Prestem muita atenção no versículo 23 de 1 Néfi 8 e apliquemos essa escritura aos nossos dias e aos desafios que enfrentamos num mundo cada vez mais iníquo:

“E aconteceu que se levantou uma névoa de escuridão, sim, uma névoa de escuridão tão densa que os que haviam iniciado o caminho se extraviaram dele e, sem rumo, perderam-se”.

Repito, para dar ênfase, que o discernimento é uma luz protetora e orientadora num mundo que se torna cada vez mais tenebroso. Todos podemos prosseguir com segurança e sucesso em meio à névoa de escuridão, tendo um claro senso de orientação espiritual. O discernimento é muito mais do que apenas o reconhecimento do certo e do errado. Ele nos ajuda a distinguir o relevante do irrelevante, o importante do supérfluo e o necessário do que é meramente bom.

O dom do discernimento nos revela um panorama que se estende para bem além do que vemos com nossos olhos naturais ou ouvimos com nossos ouvidos naturais. O discernimento é ver com os olhos espirituais e sentir com o coração — ver e sentir a falsidade de uma idéia ou a bondade em outra pessoa. O discernimento é ouvir com ouvidos espirituais e sentir com o coração — ouvir e sentir a preocupação não expressa em uma declaração ou a veracidade de um testemunho ou doutrina.

Freqüentemente ouvi o Presidente Boyd K. Packer, Presidente Interino do Quórum dos Doze Apóstolos, aconselhar os membros e líderes do sacerdócio, dizendo: “Se tudo que vocês sabem é o que vêem com seus olhos naturais e escutam com seus ouvidos naturais, então vocês não conhecem muitas coisas”. Sua observação deve ajudar-nos a desejar avidamente e buscar esses dons espirituais.

A observação e o discernimento também permitem que ajudemos outras pessoas que estão buscando encontrar o caminho e que desejam prosseguir com firmeza em Cristo.
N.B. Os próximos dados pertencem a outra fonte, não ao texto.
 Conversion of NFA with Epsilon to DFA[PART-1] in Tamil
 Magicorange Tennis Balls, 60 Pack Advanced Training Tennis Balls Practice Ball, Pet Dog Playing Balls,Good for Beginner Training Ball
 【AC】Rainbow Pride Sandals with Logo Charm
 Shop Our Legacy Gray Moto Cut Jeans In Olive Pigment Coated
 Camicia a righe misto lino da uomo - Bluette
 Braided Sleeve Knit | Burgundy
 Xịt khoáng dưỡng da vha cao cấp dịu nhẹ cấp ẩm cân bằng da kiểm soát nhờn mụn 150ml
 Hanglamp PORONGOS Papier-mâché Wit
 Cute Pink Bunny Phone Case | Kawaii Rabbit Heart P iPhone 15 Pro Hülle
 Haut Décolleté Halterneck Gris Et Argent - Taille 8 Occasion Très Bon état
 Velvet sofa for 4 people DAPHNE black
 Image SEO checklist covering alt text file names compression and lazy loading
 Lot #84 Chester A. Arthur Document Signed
Se formos abençoados com esses dons espirituais, não nos afastaremos do caminho; não vagaremos sem rumo; não ficaremos perdidos. Contudo, só podemos esperar obter o sublime dom do discernimento e sua luz protetora e orientadora se tivermos percepção rápida. Como Alma ensinou a seu filho Helamã: “Não deixes de cuidar destas coisas sagradas. Sim, não deixes de confiar em Deus para que vivas” (Alma 37:47).

Presto meu testemunho especial de que Jesus é o Cristo, nosso Redentor e nosso Salvador. Sei que Ele vive. Invoco Sua bênção sobre cada um de vocês — que tenham o desejo de ter percepção rápida e verdadeiro discernimento.

Extraído de um discurso proferido durante um devocional na Universidade Brigham Young, em 10 de maio de 2005.

Notas

  1. Gospel Truth: Discourses and Writings of President George Q. Cannon, comp. Jerreld L. Newquist, 1987, pp. 156–157.

  2. Conference Report, abril de 1950, pp. 162–163; grifo do autor.